A supercomputer designed to improve extreme weather and climate forecasting is to receive £1.2bn from the UK government towards its development.
The technology will be managed by the Met Office, with more sophisticated rainfall predictions and improving forecasting at airports among its aims.
Data collected by the powerful device will also be used to predict storms more accurately, select the most suitable locations for flood defences and forecast changes to the global climate.
The supercomputer is expected to be the most advanced of its kind dedicated to weather and climate in the world.
The Met Office’s current supercomputer, which is due to reach its end of life in late 2022, is among the world’s 50 most powerful computers, and contains enough storage to hold more than 100 years of HD films.
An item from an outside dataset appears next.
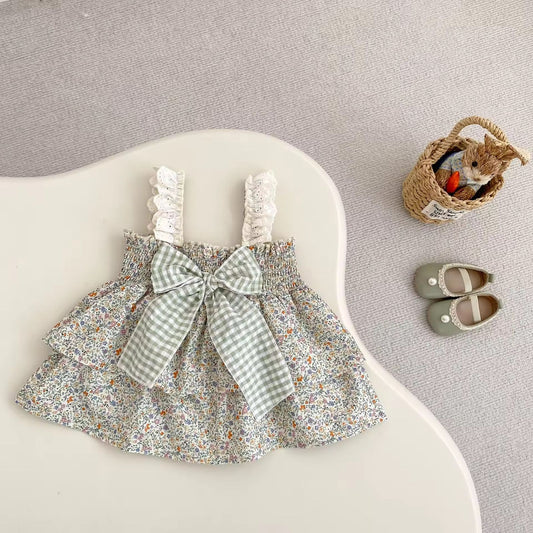Flora bow co-ord set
“This investment will ultimately provide earlier, more accurate warning of severe weather, the information needed to build a more resilient world in a changing climate and help support the transition to a low-carbon economy across the UK,” said Prof Penny Endersby, the Met Office’s chief executive.
“It will help the UK to continue to lead the field in weather and climate science and services, working collaboratively to ensure that the benefits of our work help government, the public and industry make better decisions to stay safe and thrive.”
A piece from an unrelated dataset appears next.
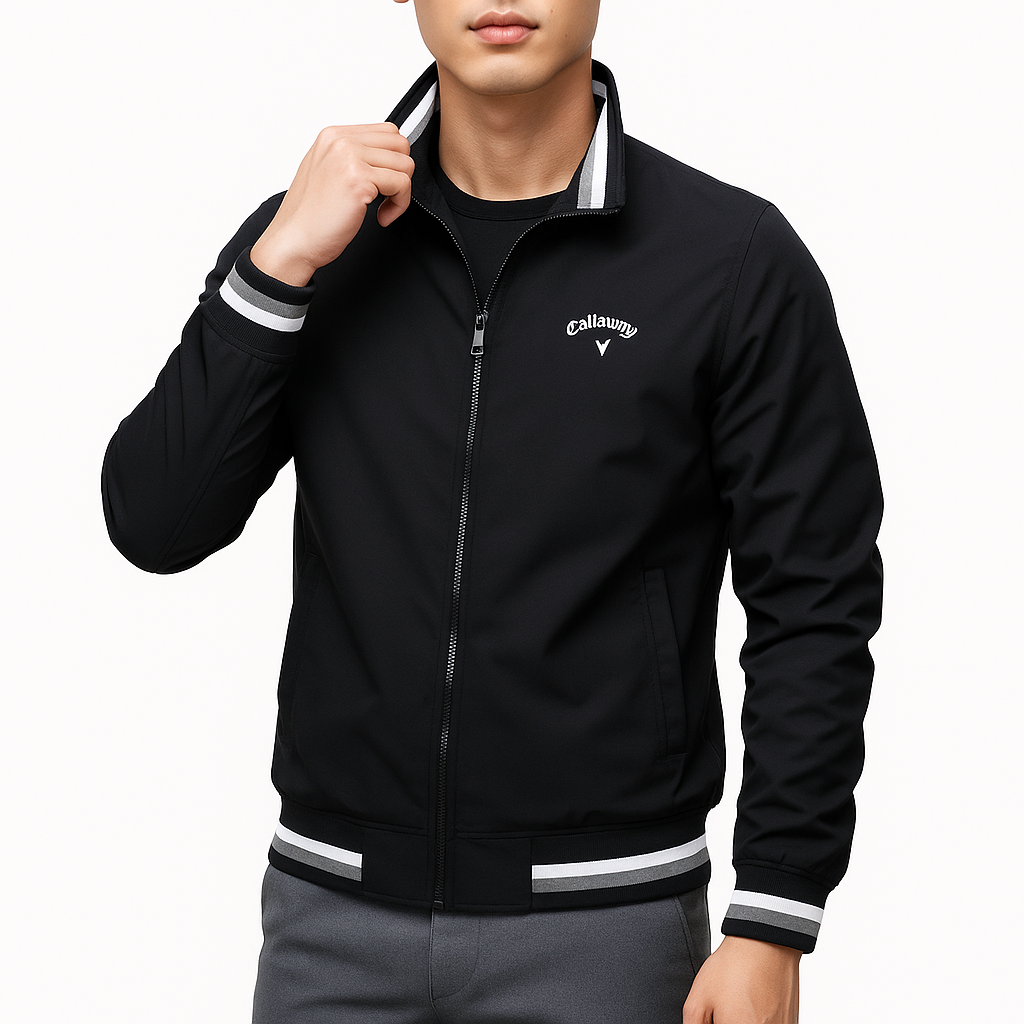 LUXEOUTFIT | Men's Golf Windbreaker Jacket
The government hopes the technology will help communities better prepare for weather disruption such as that from recent storms Dennis and Ciara.
The supercomputer itself is expected to cost £854m, with remaining funds going towards investment in the Met Office’s observations network and programme offices, over a 10-year period from 2022 to 2032.
“Over the last 30 years, new technologies have meant more accurate weather forecasting, with storms being predicted up to five days in advance,” said Alok Sharma, the business and energy secretary and Cop 26 president.
“Come rain or shine, our significant investment for a new supercomputer will further speed up weather predictions, helping people be more prepared for weather disruption from planning travel journeys to deploying flood defences.”